_EXERCISE MATERIAL_.
════

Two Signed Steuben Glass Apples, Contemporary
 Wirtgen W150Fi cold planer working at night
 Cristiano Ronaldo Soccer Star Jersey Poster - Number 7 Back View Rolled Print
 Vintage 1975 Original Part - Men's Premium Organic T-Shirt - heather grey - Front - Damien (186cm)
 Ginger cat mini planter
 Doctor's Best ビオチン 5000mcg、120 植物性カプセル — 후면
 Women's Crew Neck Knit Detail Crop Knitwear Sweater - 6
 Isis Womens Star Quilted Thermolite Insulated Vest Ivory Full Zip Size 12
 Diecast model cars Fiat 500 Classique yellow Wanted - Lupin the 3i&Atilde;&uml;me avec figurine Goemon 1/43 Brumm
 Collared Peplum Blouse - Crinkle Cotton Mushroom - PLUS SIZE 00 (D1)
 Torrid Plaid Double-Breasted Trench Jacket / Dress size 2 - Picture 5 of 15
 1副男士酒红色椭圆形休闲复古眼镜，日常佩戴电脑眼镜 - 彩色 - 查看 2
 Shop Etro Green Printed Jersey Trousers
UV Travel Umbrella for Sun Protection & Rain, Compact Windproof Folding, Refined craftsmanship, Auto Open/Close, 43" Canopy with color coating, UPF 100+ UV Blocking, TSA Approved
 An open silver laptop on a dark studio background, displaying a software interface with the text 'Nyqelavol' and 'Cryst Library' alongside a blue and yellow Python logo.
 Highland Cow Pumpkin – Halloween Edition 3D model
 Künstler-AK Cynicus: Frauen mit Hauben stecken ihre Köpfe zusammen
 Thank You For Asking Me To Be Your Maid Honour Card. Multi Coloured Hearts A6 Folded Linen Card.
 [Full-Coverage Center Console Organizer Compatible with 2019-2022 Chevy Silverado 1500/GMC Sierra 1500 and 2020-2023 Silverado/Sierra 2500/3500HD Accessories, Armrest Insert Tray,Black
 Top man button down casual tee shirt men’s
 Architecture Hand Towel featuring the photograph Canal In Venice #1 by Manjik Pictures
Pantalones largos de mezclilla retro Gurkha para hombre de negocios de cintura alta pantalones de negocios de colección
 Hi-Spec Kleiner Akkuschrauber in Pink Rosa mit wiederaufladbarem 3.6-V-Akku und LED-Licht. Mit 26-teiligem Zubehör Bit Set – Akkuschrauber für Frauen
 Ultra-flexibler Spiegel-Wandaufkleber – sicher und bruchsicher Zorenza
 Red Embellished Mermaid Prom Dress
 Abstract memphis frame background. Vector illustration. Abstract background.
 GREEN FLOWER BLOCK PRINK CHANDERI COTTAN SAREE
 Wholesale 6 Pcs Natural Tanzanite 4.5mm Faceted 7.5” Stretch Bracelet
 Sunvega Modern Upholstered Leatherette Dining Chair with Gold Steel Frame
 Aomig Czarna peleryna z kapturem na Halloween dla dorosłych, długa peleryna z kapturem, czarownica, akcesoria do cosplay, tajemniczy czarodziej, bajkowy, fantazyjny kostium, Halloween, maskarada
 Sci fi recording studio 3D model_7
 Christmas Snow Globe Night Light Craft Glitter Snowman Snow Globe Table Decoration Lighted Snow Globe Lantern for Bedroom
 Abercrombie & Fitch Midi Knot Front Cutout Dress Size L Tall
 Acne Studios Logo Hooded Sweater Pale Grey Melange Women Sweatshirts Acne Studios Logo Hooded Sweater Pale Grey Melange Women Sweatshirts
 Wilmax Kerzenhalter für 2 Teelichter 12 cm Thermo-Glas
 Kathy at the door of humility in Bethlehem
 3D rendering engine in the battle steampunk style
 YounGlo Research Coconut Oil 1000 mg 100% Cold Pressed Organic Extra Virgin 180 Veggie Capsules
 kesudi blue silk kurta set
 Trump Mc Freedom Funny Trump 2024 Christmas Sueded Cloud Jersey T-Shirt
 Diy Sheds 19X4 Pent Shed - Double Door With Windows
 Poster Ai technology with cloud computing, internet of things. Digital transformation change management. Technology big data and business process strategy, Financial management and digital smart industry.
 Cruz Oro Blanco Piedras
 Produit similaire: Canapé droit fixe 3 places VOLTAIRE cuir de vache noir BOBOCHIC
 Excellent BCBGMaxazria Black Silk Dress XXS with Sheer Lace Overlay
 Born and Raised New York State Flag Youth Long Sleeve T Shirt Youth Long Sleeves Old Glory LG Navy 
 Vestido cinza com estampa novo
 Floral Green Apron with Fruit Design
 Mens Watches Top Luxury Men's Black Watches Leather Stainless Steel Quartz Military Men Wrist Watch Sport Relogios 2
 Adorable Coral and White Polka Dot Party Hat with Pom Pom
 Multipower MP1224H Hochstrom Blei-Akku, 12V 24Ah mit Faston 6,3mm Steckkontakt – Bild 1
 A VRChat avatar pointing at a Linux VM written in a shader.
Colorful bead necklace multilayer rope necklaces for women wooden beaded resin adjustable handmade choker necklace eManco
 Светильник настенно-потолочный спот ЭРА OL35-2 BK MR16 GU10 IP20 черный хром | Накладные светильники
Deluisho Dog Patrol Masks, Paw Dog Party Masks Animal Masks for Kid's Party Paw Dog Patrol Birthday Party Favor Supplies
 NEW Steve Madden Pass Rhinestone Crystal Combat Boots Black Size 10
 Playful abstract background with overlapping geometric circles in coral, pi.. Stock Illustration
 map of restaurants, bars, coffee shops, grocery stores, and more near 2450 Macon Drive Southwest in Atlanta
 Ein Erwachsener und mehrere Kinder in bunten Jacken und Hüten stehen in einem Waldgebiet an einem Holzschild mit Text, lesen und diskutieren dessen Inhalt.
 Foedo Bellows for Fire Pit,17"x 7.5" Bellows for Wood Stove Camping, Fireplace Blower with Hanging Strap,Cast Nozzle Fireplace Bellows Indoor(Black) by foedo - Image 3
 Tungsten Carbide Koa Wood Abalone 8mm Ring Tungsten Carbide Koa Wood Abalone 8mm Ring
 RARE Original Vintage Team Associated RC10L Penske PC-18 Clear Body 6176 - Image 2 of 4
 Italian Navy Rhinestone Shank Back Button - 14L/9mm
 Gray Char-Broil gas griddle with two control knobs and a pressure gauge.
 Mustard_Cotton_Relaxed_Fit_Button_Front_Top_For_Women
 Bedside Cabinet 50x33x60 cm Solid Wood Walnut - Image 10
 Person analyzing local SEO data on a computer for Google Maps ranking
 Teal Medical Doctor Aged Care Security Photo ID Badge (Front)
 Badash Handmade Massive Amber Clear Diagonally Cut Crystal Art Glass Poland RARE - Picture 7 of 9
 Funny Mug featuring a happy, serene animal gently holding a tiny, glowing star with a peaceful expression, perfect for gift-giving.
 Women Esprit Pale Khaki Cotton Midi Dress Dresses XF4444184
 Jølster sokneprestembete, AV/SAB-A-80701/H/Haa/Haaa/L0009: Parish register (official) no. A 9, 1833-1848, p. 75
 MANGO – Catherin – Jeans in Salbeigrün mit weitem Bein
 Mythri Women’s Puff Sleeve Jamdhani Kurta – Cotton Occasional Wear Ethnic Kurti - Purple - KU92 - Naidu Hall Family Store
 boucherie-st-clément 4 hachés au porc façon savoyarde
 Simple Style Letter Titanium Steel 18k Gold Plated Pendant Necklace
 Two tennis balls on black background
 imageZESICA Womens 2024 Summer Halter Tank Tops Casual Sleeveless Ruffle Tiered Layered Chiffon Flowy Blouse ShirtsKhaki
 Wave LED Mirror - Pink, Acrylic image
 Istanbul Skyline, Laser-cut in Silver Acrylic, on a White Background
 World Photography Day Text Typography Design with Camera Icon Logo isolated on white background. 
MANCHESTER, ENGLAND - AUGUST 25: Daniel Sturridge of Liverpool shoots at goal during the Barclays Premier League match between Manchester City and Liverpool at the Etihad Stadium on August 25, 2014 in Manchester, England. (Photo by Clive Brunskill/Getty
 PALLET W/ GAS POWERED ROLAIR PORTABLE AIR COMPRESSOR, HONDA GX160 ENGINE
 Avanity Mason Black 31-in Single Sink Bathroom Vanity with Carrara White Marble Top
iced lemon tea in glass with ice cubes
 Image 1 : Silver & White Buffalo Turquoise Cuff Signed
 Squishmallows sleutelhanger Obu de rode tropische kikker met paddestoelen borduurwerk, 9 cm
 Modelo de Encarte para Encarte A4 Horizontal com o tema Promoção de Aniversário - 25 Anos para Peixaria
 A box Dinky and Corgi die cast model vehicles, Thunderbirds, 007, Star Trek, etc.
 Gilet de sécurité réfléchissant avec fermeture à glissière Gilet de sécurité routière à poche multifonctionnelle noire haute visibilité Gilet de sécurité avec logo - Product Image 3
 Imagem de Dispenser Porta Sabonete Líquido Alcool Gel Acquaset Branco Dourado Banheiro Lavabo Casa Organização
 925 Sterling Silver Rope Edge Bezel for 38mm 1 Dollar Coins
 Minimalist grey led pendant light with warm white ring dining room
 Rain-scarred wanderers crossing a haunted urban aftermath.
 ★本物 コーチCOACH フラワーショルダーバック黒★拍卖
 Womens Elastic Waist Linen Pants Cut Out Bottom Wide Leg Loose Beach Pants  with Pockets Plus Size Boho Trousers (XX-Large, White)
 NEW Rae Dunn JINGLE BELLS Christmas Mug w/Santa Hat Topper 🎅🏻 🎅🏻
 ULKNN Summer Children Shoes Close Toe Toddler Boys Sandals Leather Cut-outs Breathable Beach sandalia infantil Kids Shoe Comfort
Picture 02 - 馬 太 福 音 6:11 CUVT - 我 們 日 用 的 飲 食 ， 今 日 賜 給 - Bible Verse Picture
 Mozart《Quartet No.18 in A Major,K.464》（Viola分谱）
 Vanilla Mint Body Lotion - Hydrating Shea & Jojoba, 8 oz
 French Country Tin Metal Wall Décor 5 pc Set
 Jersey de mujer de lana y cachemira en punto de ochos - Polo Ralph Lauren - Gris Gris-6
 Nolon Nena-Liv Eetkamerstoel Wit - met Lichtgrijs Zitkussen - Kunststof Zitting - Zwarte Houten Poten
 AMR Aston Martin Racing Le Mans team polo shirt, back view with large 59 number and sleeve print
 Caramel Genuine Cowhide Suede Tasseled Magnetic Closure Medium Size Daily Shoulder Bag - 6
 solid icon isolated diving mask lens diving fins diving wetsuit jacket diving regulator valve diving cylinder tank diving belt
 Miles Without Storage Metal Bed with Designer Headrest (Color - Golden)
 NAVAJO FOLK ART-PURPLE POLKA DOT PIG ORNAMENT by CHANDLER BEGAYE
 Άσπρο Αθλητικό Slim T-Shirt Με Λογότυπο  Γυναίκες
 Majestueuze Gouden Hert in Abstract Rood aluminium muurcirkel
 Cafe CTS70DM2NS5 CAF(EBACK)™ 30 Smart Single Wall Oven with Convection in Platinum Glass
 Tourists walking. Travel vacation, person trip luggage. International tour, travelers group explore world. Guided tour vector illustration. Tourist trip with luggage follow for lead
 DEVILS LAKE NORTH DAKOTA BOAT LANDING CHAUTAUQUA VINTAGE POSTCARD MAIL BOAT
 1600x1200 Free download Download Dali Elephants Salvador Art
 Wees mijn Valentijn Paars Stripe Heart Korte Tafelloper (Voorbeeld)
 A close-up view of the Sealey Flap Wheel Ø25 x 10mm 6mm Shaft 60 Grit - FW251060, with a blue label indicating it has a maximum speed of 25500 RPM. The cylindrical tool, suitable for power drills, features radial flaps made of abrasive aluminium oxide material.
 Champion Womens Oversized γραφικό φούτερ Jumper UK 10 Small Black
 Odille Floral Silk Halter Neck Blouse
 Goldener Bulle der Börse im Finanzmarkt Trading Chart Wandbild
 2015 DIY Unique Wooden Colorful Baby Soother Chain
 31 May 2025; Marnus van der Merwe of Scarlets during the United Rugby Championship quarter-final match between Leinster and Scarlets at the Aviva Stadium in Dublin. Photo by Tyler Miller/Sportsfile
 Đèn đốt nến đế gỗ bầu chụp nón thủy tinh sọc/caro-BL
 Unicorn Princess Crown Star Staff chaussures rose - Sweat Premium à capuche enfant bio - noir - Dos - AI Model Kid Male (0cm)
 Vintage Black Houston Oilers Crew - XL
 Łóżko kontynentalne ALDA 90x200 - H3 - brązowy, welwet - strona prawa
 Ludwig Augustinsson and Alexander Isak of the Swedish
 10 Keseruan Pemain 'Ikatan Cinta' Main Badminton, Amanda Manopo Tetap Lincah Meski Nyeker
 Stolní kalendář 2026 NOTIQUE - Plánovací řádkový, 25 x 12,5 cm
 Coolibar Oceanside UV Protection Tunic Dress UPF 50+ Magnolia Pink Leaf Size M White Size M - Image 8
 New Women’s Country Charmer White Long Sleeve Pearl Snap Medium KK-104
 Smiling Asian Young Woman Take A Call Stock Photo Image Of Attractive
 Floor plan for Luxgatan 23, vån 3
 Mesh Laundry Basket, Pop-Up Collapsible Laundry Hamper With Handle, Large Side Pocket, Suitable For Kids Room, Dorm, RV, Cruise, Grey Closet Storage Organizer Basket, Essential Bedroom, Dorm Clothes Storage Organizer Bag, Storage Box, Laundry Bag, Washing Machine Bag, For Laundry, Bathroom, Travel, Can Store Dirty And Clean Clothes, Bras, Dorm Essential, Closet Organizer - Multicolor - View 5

════

_PROBLEM TO SOLVE_. Please print verbatim each line from the first line of the entries above to the line that contains "Pantalones largos de", inclusive, and nothing more.

_RESPONSE_.
Two Signed Steuben Glass Apples, Contemporary
 Wirtgen W150Fi cold planer working at night
 Cristiano Ronaldo Soccer Star Jersey Poster - Number 7 Back View Rolled Print
 Vintage 1975 Original Part - Men's Premium Organic T-Shirt - heather grey - Front - Damien (186cm)
 Ginger cat mini planter
 Doctor's Best ビオチン 5000mcg、120 植物性カプセル — 후면
 Women's Crew Neck Knit Detail Crop Knitwear Sweater - 6
 Isis Womens Star Quilted Thermolite Insulated Vest Ivory Full Zip Size 12
 Diecast model cars Fiat 500 Classique yellow Wanted - Lupin the 3i&Atilde;&uml;me avec figurine Goemon 1/43 Brumm
 Collared Peplum Blouse - Crinkle Cotton Mushroom - PLUS SIZE 00 (D1)
 Torrid Plaid Double-Breasted Trench Jacket / Dress size 2 - Picture 5 of 15
 1副男士酒红色椭圆形休闲复古眼镜，日常佩戴电脑眼镜 - 彩色 - 查看 2
 Shop Etro Green Printed Jersey Trousers
UV Travel Umbrella for Sun Protection & Rain, Compact Windproof Folding, Refined craftsmanship, Auto Open/Close, 43" Canopy with color coating, UPF 100+ UV Blocking, TSA Approved
 An open silver laptop on a dark studio background, displaying a software interface with the text 'Nyqelavol' and 'Cryst Library' alongside a blue and yellow Python logo.
 Highland Cow Pumpkin – Halloween Edition 3D model
 Künstler-AK Cynicus: Frauen mit Hauben stecken ihre Köpfe zusammen
 Thank You For Asking Me To Be Your Maid Honour Card. Multi Coloured Hearts A6 Folded Linen Card.
 [Full-Coverage Center Console Organizer Compatible with 2019-2022 Chevy Silverado 1500/GMC Sierra 1500 and 2020-2023 Silverado/Sierra 2500/3500HD Accessories, Armrest Insert Tray,Black
 Top man button down casual tee shirt men’s
 Architecture Hand Towel featuring the photograph Canal In Venice #1 by Manjik Pictures
Pantalones largos de mezclilla retro Gurkha para hombre de negocios de cintura alta pantalones de negocios de colección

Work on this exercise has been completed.